El reinado duró menos que su inocencia en los algodonales: el 25 de febrero de 1964 un joven insolente y talentoso —Cassius Marcellus Clay— lo agotaba en seis rounds. Tuvo que abandonar, pero los cronistas sospecharon tongo. Las buenas conciencias siempre se burlaron de los vencidos. Por entonces el hampa rodeaba a Liston, lo envolvía en una sigilosa tela de araña. Sonny fue ídolo del bajo fondo y este lo abandonó cuando supo de otro más joven y hermoso; pero Clay habría de burlarlos para entregarse a una causa política; los Black Muslims. Un año y medio más tarde Cassius Clay vencía nuevamente y ya nada podría salvarlo. El coloso de cien kilos había peleado 51 veces como profesional (36 triunfos por nocaut, solo cinco derrotas), pero sus dos últimos combates fueron desastrosos: el 6 de diciembre de 1969 Leotis Martin lo tiró en el noveno round y el 29 de junio de 1972 su verdugo fue Chuck Wepner, quien lo batió en el segundo asalto. Siempre se creyó en USA que Liston era un rival excelente para el argentino Óscar Ringo Bonavena.
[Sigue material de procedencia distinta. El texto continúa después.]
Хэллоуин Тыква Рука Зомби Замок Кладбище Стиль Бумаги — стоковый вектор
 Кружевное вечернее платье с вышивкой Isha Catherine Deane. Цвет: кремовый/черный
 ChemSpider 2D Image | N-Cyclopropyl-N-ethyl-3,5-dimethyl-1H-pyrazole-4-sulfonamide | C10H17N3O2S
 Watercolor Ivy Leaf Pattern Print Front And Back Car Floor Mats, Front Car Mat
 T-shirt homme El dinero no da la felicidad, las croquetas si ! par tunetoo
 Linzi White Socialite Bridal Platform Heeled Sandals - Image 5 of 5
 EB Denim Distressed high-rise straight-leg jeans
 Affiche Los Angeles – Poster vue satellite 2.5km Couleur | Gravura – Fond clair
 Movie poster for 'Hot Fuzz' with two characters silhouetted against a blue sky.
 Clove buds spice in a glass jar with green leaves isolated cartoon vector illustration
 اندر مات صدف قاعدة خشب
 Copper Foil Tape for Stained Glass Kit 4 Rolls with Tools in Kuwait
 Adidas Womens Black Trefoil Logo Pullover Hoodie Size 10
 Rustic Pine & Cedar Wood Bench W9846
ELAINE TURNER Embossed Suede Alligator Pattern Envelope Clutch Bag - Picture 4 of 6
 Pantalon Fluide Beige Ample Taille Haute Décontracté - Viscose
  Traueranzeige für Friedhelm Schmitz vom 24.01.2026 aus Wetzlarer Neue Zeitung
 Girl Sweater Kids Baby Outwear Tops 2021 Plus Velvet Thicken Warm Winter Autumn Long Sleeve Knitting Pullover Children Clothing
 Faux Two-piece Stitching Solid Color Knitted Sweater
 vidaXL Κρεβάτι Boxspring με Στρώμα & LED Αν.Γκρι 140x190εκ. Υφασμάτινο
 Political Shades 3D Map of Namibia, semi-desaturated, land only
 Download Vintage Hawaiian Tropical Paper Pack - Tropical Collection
Cuando murió, nadie sabe qué día exactamente (el cadáver, al ser descubierto, tenía una semana), podía recordar una veintena de entradas a prisión, un millar de persecuciones vanas, apenas algunas horas de paz en esa casa de Las Vegas donde acabó sus días. «Desde que nací —había dicho— tuve que pelear por mi vida». Tal vez lo haya contrariado morir pacíficamente, sin percibir ese vértigo que preanuncia los desastres definitivos. Nunca pudo elegir y el destino le negó la posibilidad de una muerte elegida. La semana pasada, la policía sospechaba que una excesiva dosis de alcaloides lo había quebrado; otros, más alarmistas, creían en un asesinato, en una venganza de la mafia, en un ajuste de cuentas. Quizá Sonny hubiera deseado eso, porque siempre vivió en peligro, escupió sobre la sociedad, estornudó contra las bases del establishment y pagó cara su osadía. Los hampones prefiere morir de frente.